RÉPUBLIQUE FRANÇAISE
AU NOM DU PEUPLE FRANÇAIS
COUR D’APPEL DE FORT-DE-FRANCE
CHAMBRE CIVILE
ARRÊT DU 11 MAI 2012
ÉLÉMENTS D’IDENTIFICATION DE LA DÉCISION (N.B. : mention ne figurant pas sur l’original)
R. G. n° 10/00456. Décision déférée à la cour : Jugement du Tribunal de Grande Instance de Fort-de-France, en date du 15 septembre 2009, enregistré sous le R.G. n° 08/01575.
APPELANT :
Monsieur X.
[adresse], représenté par Maître Philippe EDMOND-MARIETTE SOCIETE AVOCAT PEM, avocat au barreau de MARTINIQUE.
INTIMÉES :
LA SOCIÉTÉ AVANTAGES IMMO SARL,
prise en la personne de son représentant légal [adresse], représentée par Maître Myriam DUBOIS de la SCP DUBOIS & ASSOCIES, avocats au barreau de MARTINIQUE
Madame Y.
[adresse], représentée par Maître Myriam DUBOIS de la SCP DUBOIS & ASSOCIES, avocats au barreau de MARTINIQUE
COMPOSITION DE LA COUR : En application des dispositions des articles 786 et 910 du code de procédure civile, l’affaire a été débattue à l’audience publique du 9 mars 2012, les avocats ne s’y étant pas opposés, devant Mme DERYCKERE, conseillère, chargée du rapport.

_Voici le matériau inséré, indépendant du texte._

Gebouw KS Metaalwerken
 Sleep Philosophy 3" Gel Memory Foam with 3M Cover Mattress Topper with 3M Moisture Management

Ce magistrat a rendu compte des plaidoiries dans le délibéré de la cour, composée de : Présidente : Mme DERYCKERE, Conseillère, Assesseur : Mme BENJAMIN, Conseillère, Assesseur : Mme TRIOL, Conseillère
Les parties ont été avisées de la date du prononcé de l’arrêt fixée au 11 MAI 2012.
GREFFIER : lors des débats, Mme SOUNDOROM,
ARRÊT : contradictoire ; prononcé publiquement, par mise à disposition au greffe de la cour, les parties en ayant été préalablement avisées dans les conditions prévues au deuxième alinéa de l’article 450 du code de procédure civile ;
EXPOSÉ DU LITIGE (N.B. : mention ne figurant pas sur l’original)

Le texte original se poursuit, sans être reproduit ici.